Régis Jauffret : Dans Vision à New York vous dites que vous vous êtes réjoui, en 1978, de l’élection de Jean-Paul II ; on vous qualifia parfois de pape de l’intellectualisme parisien, seriez-vous à présent un intellectuel papiste ?


Philippe Sollers : Si vous voulez. D’autant plus que je prends toujours position en faveur des victimes, et que j’avais parfaitement prévu l’attentat contre Sa Sainteté.


R. J. : Puisque vous l’aviez prévu, sans doute pouvez-vous nous dire par qui il a été fomenté ?


Ph. S. : Certainement. Comme dans un roman noir, il suffit de se poser la question suivante : « à qui profite le crime ? » La réponse est claire, n’est-ce pas ? Il est bien évident que le crime profite à l’Anti-Pologne, et n’en déplaise à Jarry, nous savons fort bien où se situe cette odieuse contrée. En d’autres termes, il s’agit d’un complot arabo-russe, ou si vous préférez khadafo-brejnévien.


R. J. : Admettons, mais alors il est bien curieux qu’une entreprise de cette envergure ait aussi lamentablement échoué.


Ph. S. : C’est là que vous voyez la puissance tangible du Saint-Esprit.


R. J. : Si vous entriez dans les ordres, je vous verrais davantage sous les traits d’un jésuite que sous ceux d’un moine.

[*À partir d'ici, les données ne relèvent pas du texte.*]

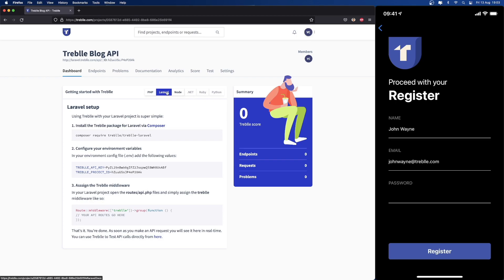Since we're huge Laravel fans at Treble, we built the API using Laravel. All we had to do to enable Treble is require the Treble package for Laravel and add some ENV values that we provide right here. Finally, all we needed to do is enable Treble in our API routes like the instructions say.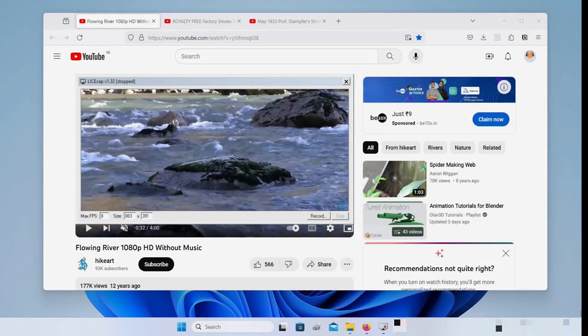I hope this video was useful and will help you get started on LICEcap and use it on a daily basis to create short animated GIFs and record areas of interest on your screen. I look forward to seeing you in my next video — many thanks for watching.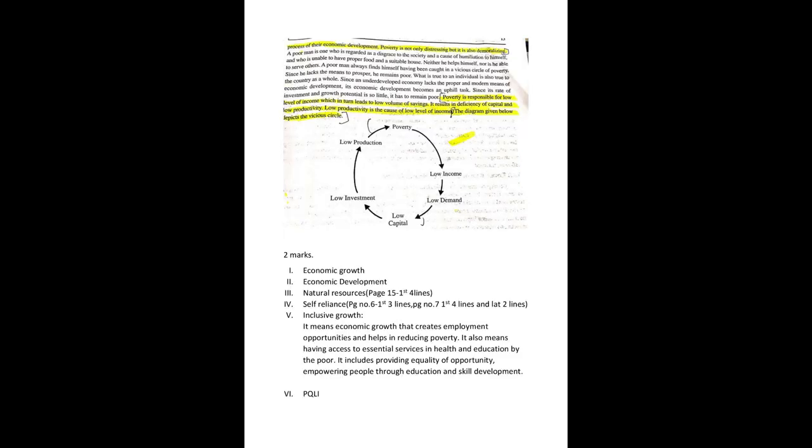So girls, this is your assignment. While coming to the college, you have to write this and you have to get your classwork to the college. All the best girls, read well.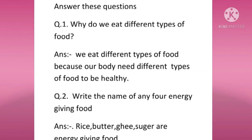Answer: We eat different types of food because our body needs different types of food to be healthy. Question number two: Write the name of any energy-giving food. Answer: Rice, butter, ghee, and sugar are energy-giving foods.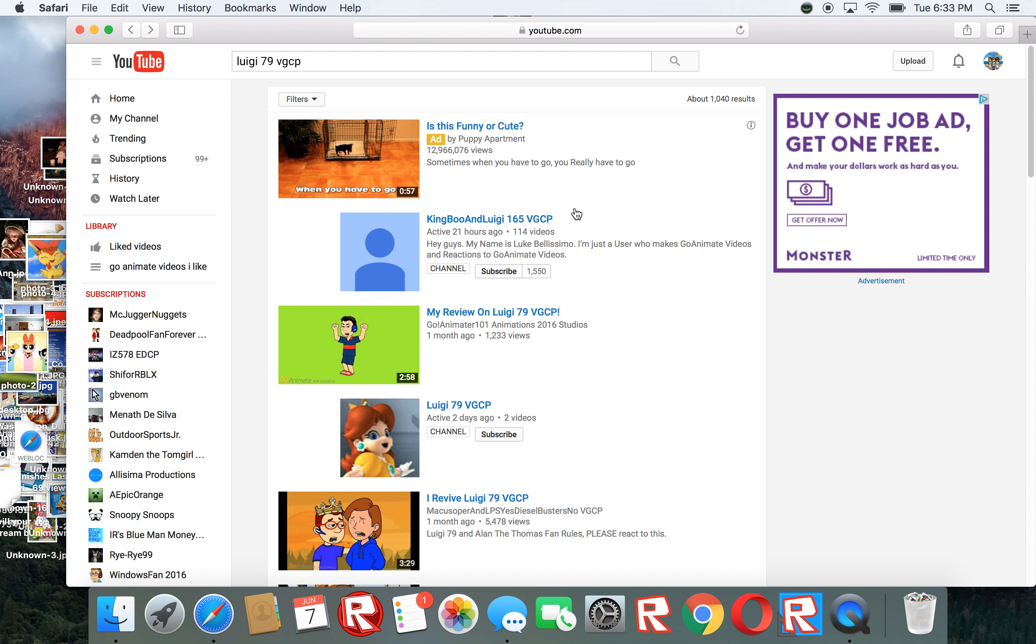Hey guys, this is the animation guy E7 here again. So I was trying to search Luigi's 69 VGCP. I heard about him before.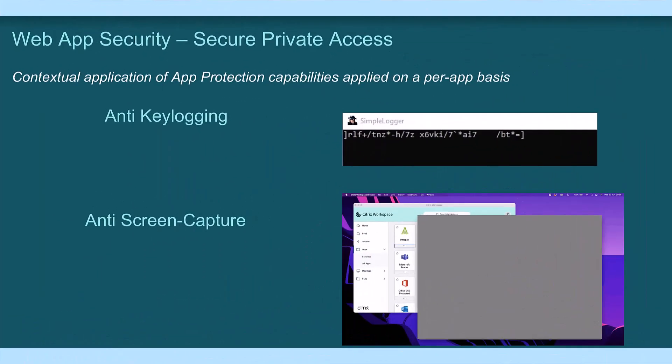You can even protect passwords with anti-key logging and anti-screen scraping capabilities.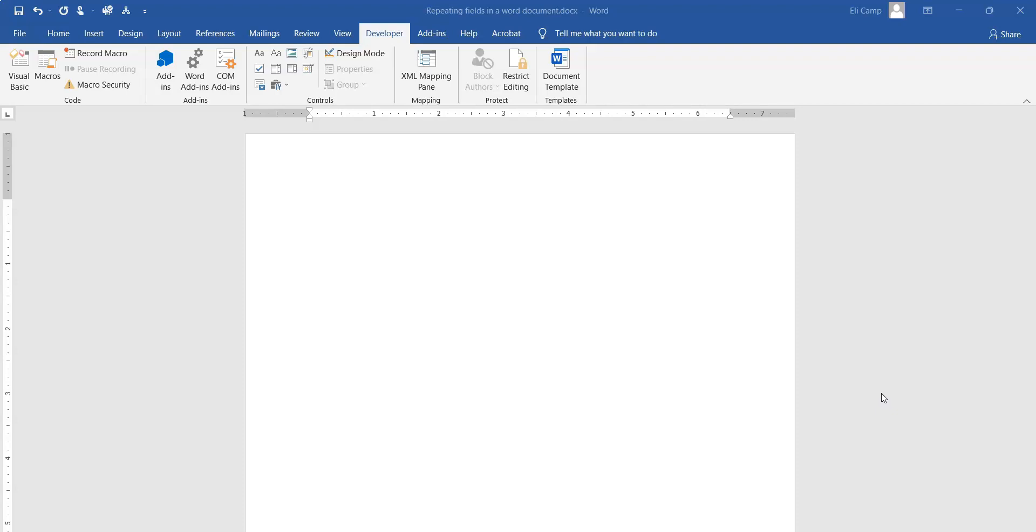Hi everybody, this is Eli Camp here with a quick video on how to create repeating fields within a Microsoft Word document.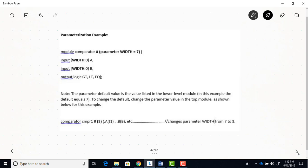And the reason why the parameterization can be a useful thing is because you'll see that often for certain modules, there's a certain number of bits that you need for a particular design, but then for another design, everything's the same, or what you need is everything the same in that module, except for you might just need a different width value. So that's where the parameters come in handy. They just give you a little bit more flexibility than if you didn't have it.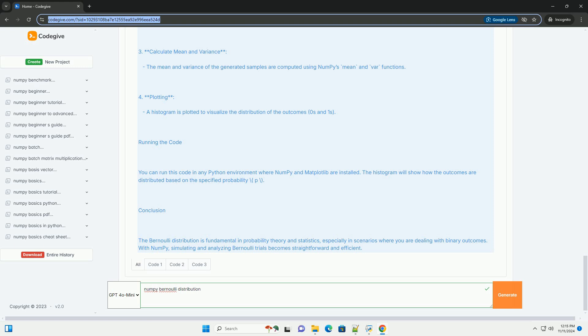Example Code: Below is an example of how to simulate a Bernoulli random variable using NumPy and to compute its properties. Explanation of the Code: 1. Parameters - Set the probability of success p and the number of trials.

Ph. S. : Ce qu’on voit c’est le jésuite, ce qu’on soupçonne parfois c’est le monastère. L’important est de ne jamais être tout à fait ni dans un rôle ni dans un autre ; c’est peut-être là le comble de l’art jésuite pour lequel j’ai une prédilection particulière. L’art jésuite représente un des très hauts moments de la conscience universelle : plénitude des formes, la dépense pour la dépense, l’excès ; et puis, n’oublions pas l’humour merveilleux qu’il y a dans la position jésuite ! Cet humour si brillamment exposé dans l’œuvre magistrale de Baltazar Gracian. Il faut réhabiliter les jésuites qui n’ont pas cessé d’être calomniés pendant des siècles. D’ailleurs j’aime tous les mots qui ont été salis par les lieux communs de la conscience publique : dire de quelqu’un qu’il a l’air jésuite, c’est péjoratif – or j’adore les jésuites ; qualifier une conduite de machiavélique c’est la condamner – or j’adore Machiavel que je tiens pour un penseur de la plus grande importance ; la même mésaventure est arrivée à Sade dont on a fait sadique – or je suis friand à l’extrême de l’œuvre de ce marquis. Moi, spontanément – car je suis le comble de l’esprit libre – je prends parti pour les gens qui ont été horriblement calomniés. Et qui est plus calomnié que le pape ? La machine à calomnier le pape est parfaitement rasante. Dans n’importe quel kiosque, de crasseux torchons montent le pape en train de tripoter les nichons de la Vierge, de soupeser l’anatomie de Notre Seigneur Jésus-Christ : autant de débilités qui font grassement rigoler les provinces françaises et s’esclaffer l’esprit gaulois - rien n’est plus affreux pour moi que le gaulois, la gauloiserie me hérisse. Vous voyez à quel point je me débats dans une oppression permanente, dans une culture qui m’étouffe, dans un sentiment d’avoir affaire à des corps féculents extraordinairement lourds et incapables d’apprécier l’intense subtilité des grandes aventures intellectuelles de l’humanité. En réalité, j’aimerais changer de nationalité, me faire naturaliser citoyen du Vatican, par exemple.

Jean Paul II Benoît XVI

R. J. : Certes, mais votre attitude au sein même de Tel Quel…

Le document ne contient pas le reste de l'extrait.